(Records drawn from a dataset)
┌──

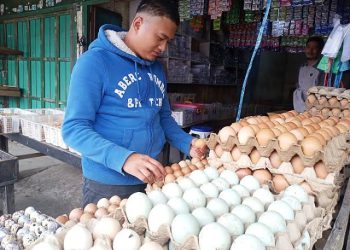 BBM Naik, Harga Telur Justru Mengalami Penurunan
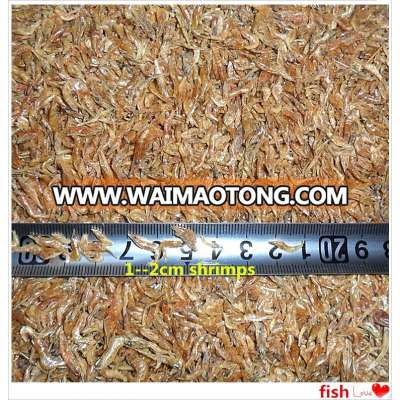 Dried Shrimps Big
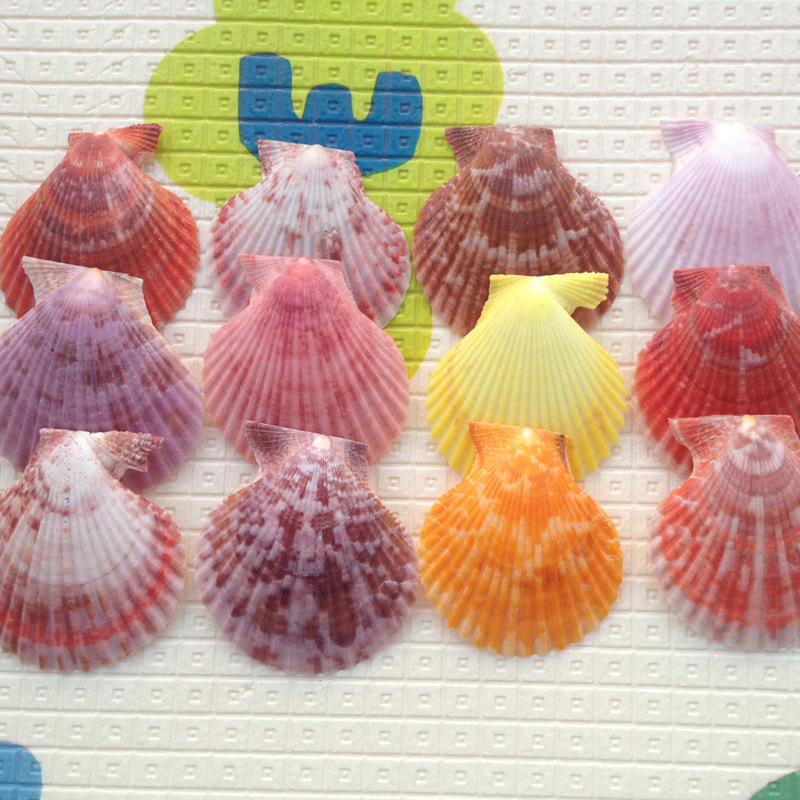 Natural conch shell 4-6cm colorful scallop colorful scallop slices wholesale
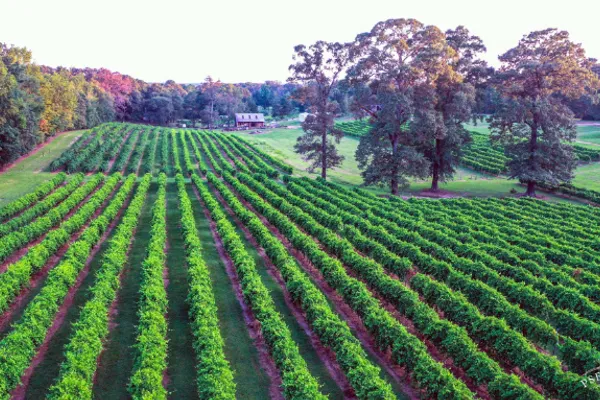 Landry Vineyards Cottages & RV Sites – photo 1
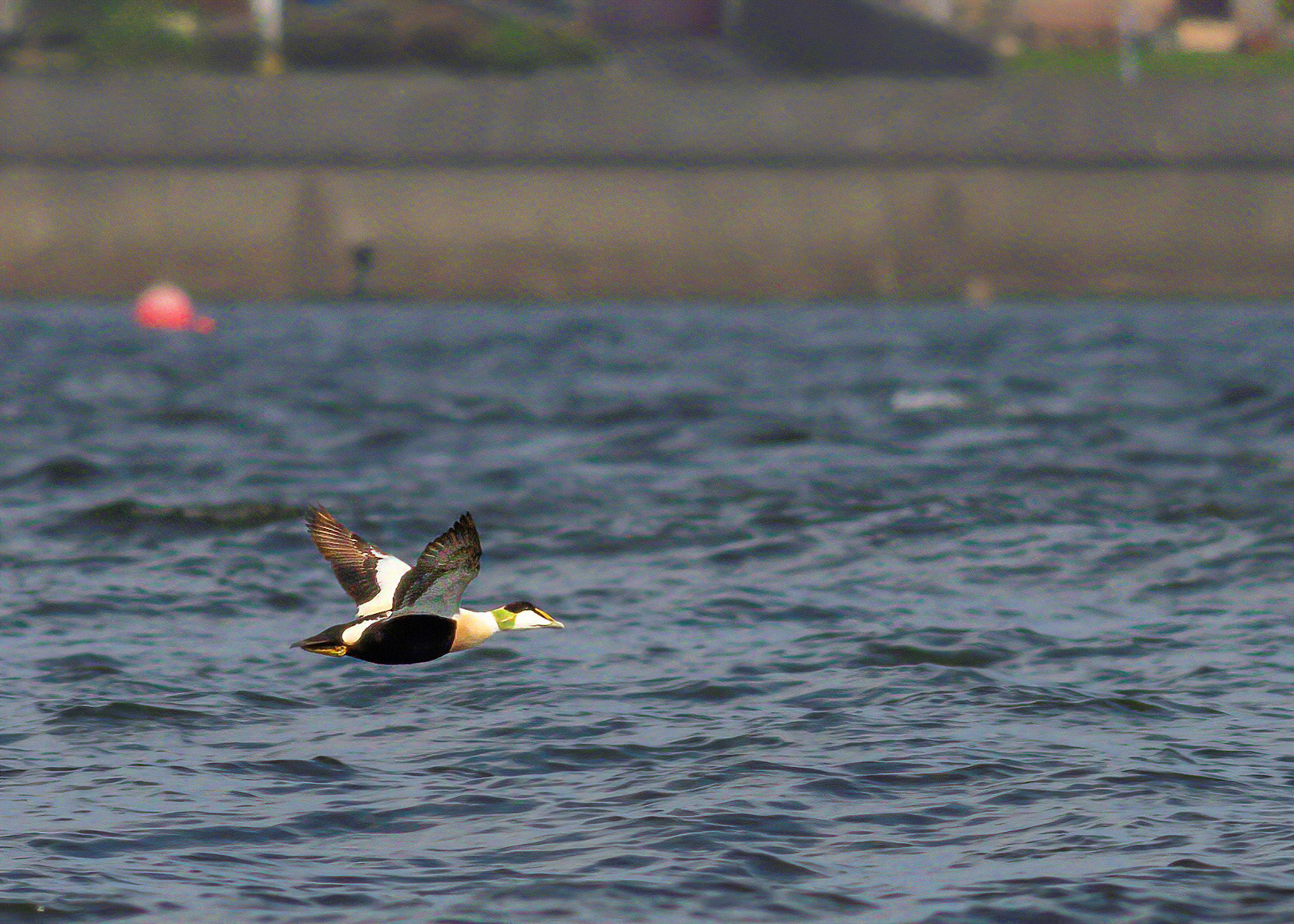 Eider duck in flight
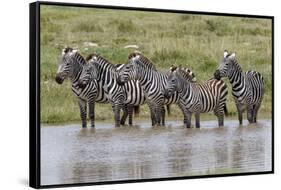 Burchell's Zebra at watering hole, Serengeti National Park, Tanzania, Africa-Adam Jones-Framed Stretched Canvas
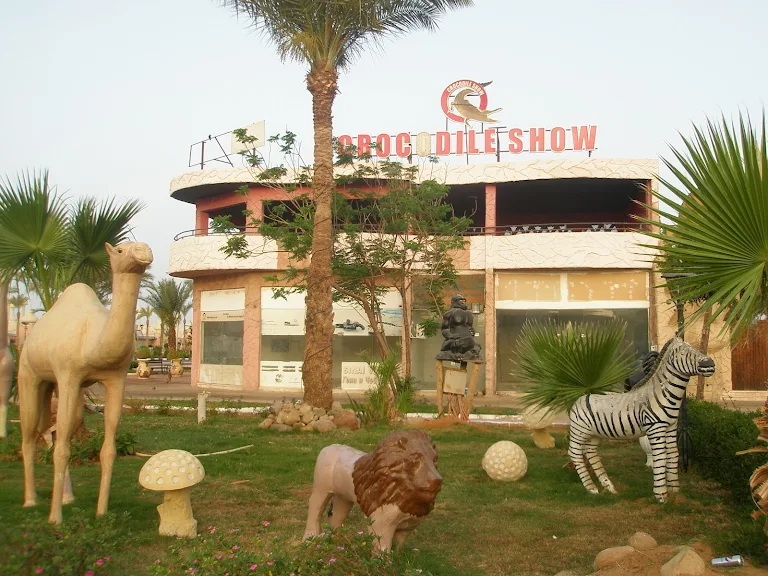 1Pokaz krokodyli i węży w Szarm el-Szejk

└──

- Task goal -
Exclude the images and reproduce the remaining data exactly.

- Result of this task -
 BBM Naik, Harga Telur Justru Mengalami Penurunan
 Dried Shrimps Big
 Natural conch shell 4-6cm colorful scallop colorful scallop slices wholesale
 Landry Vineyards Cottages & RV Sites – photo 1
 Eider duck in flight
 Burchell's Zebra at watering hole, Serengeti National Park, Tanzania, Africa-Adam Jones-Framed Stretched Canvas
 1Pokaz krokodyli i węży w Szarm el-Szejk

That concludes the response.